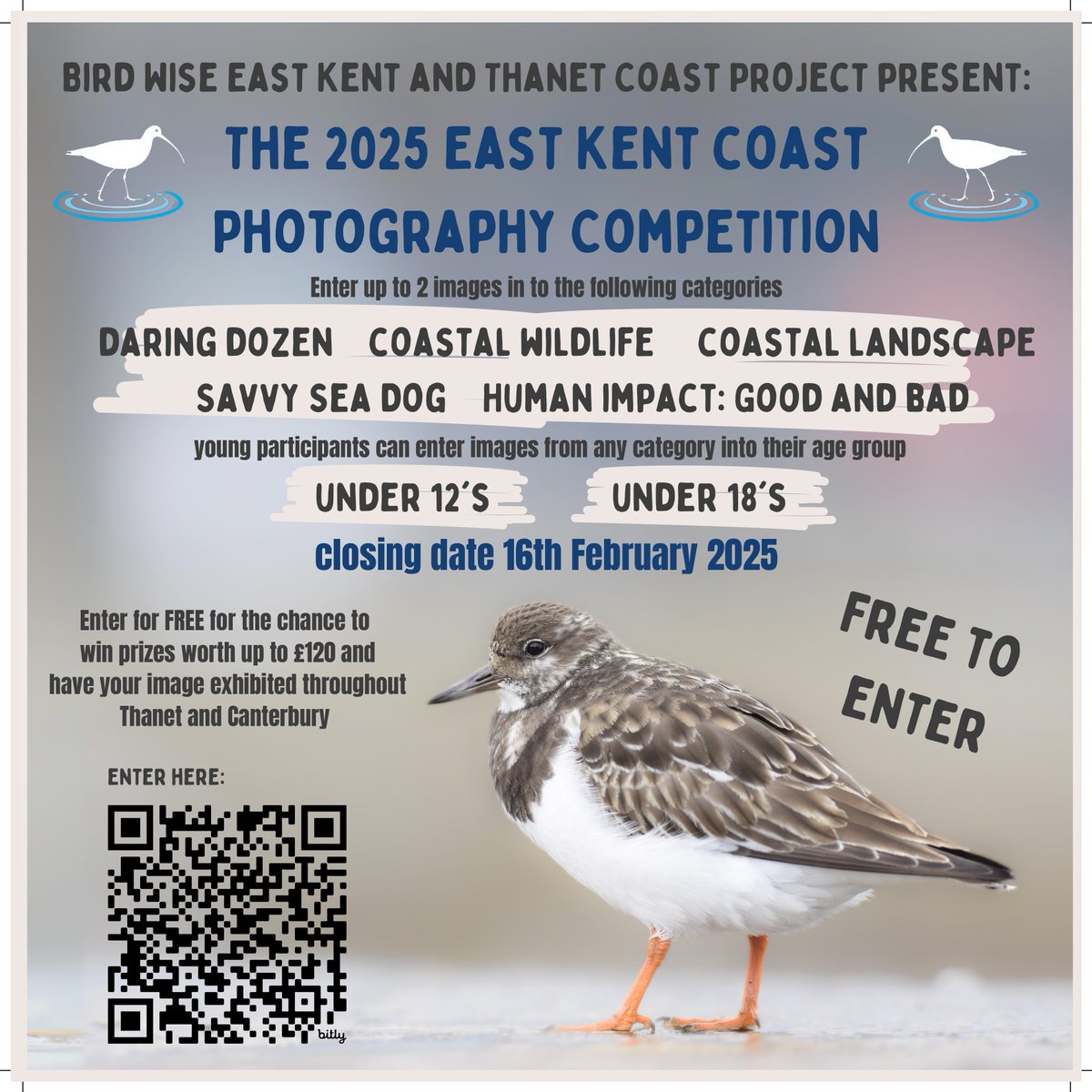 Bird Wise East Kent (@birdwiseek) on Twitter photo Free to enter Photography Competition š·
Itās the annual 2025 Bird Wise East Kent and Thanet Coast Photography Competition!
Everyone is welcome to enter and, who knows, you could be our winner! š·
Enter now on our website:
eastkent.birdwise.org.uk/photography-coā¦
Or click the link in our bio! Free to enter Photography Competition š·
Itās the annual 2025 Bird Wise East Kent and Thanet Coast Photography Competition!
Everyone is welcome to enter and, who knows, you could be our winner! š·
Enter now on our website:
eastkent.birdwise.org.uk/photography-coā¦
Or click the link in our bio!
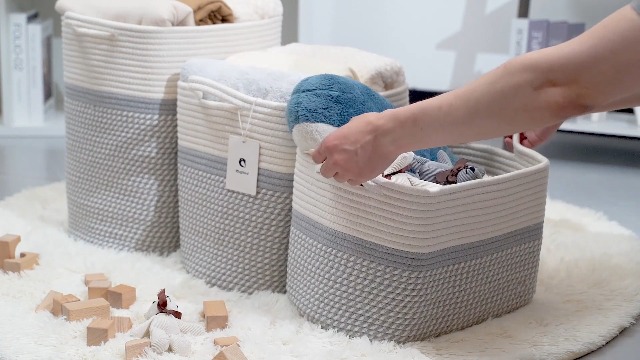 Amazon.com: Medium and Large Woven Basket//With Handle, Used for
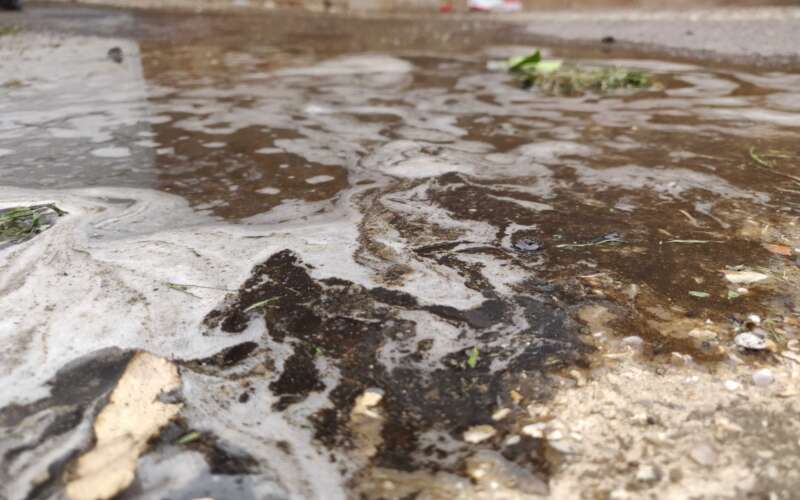 Silt and soil polluted river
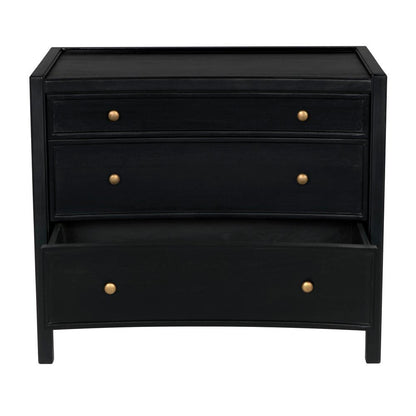 Noir Hampton Side Table, 3-Drawer, Hand-Rubbed Black, 30"H (GTAB245HB YUU6013NQ4)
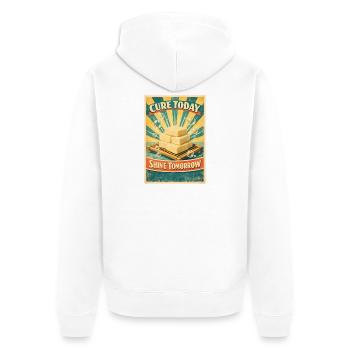 Heute reifen | Seife selber machen - Unisex Premium Bio Zip Hoodie - Weiß - Hinten - Thijin (182cm)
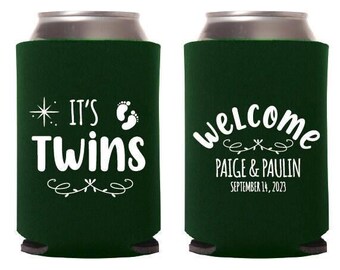 It's Twins Baby Shower Can Cooler, Custom Baby Shower Can Cooler Favors, Welcome Baby Shower Can Cooler Gift, Custom Beer Hugger Favor (235)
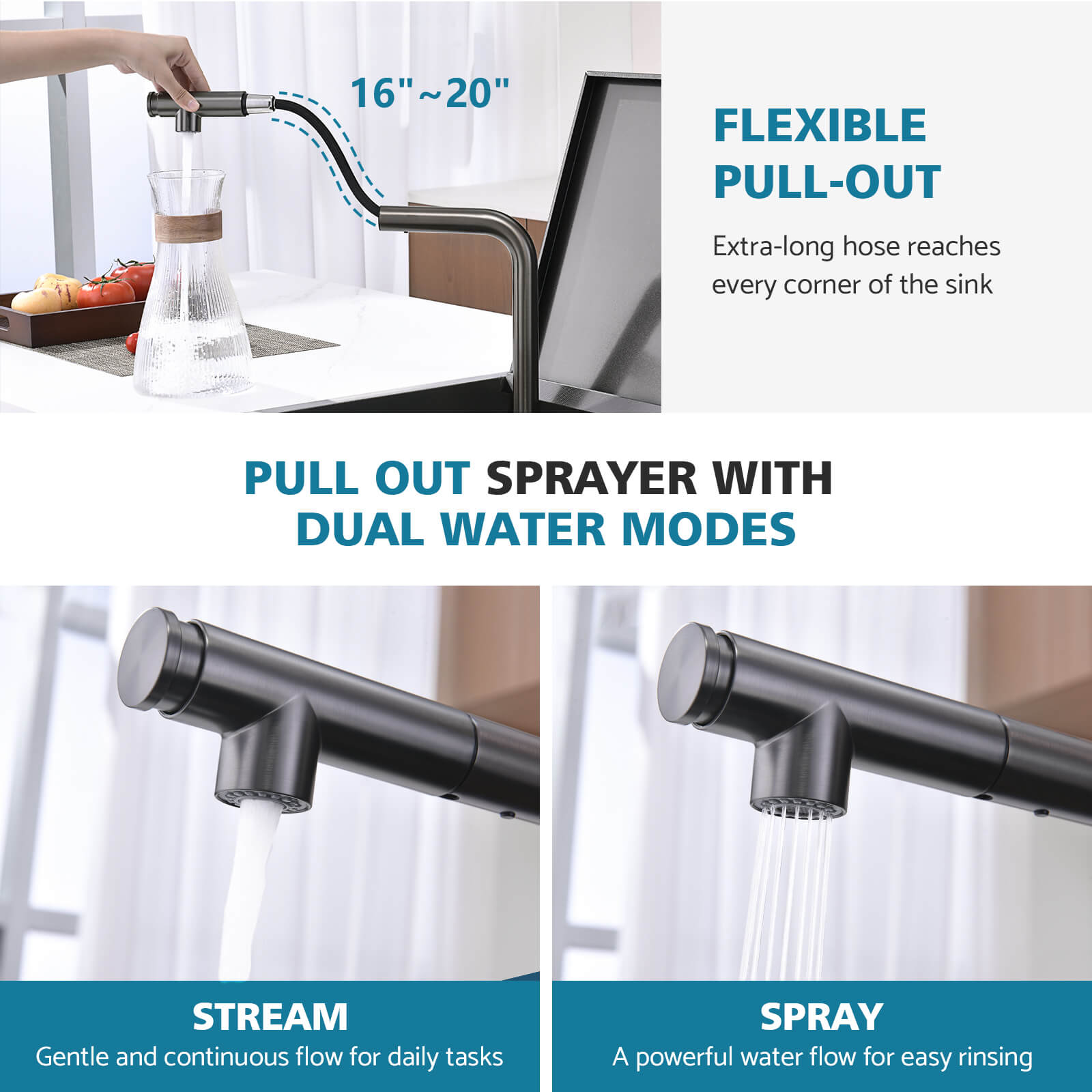 Lefton 17"x17" Stainless Steel Concealed RV & Kitchen Bar Workstation Sink with Liftable Pull - Out Faucet and Slow Drop Cover - BS2502 - Kitchen Sinks - Lefton Home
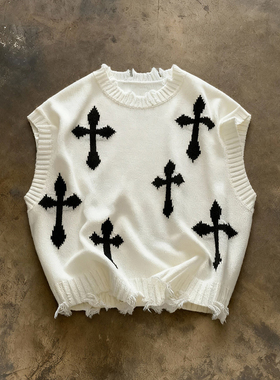 y2k hoodie十字架提花针织背心无袖圆领毛衣坎肩百搭白色毛线背心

| WORK INSTRUCTION |
Would you please print the entries once more, word for word, minus the pictures?

| FINISHED EXERCISE |
 Bird Wise East Kent (@birdwiseek) on Twitter photo Free to enter Photography Competition š·
Itās the annual 2025 Bird Wise East Kent and Thanet Coast Photography Competition!
Everyone is welcome to enter and, who knows, you could be our winner! š·
Enter now on our website:
eastkent.birdwise.org.uk/photography-coā¦
Or click the link in our bio! Free to enter Photography Competition š·
Itās the annual 2025 Bird Wise East Kent and Thanet Coast Photography Competition!
Everyone is welcome to enter and, who knows, you could be our winner! š·
Enter now on our website:
eastkent.birdwise.org.uk/photography-coā¦
Or click the link in our bio!
 Amazon.com: Medium and Large Woven Basket//With Handle, Used for
 Silt and soil polluted river
 Noir Hampton Side Table, 3-Drawer, Hand-Rubbed Black, 30"H (GTAB245HB YUU6013NQ4)
 Heute reifen | Seife selber machen - Unisex Premium Bio Zip Hoodie - Weiß - Hinten - Thijin (182cm)
 It's Twins Baby Shower Can Cooler, Custom Baby Shower Can Cooler Favors, Welcome Baby Shower Can Cooler Gift, Custom Beer Hugger Favor (235)
 Lefton 17"x17" Stainless Steel Concealed RV & Kitchen Bar Workstation Sink with Liftable Pull - Out Faucet and Slow Drop Cover - BS2502 - Kitchen Sinks - Lefton Home
 y2k hoodie十字架提花针织背心无袖圆领毛衣坎肩百搭白色毛线背心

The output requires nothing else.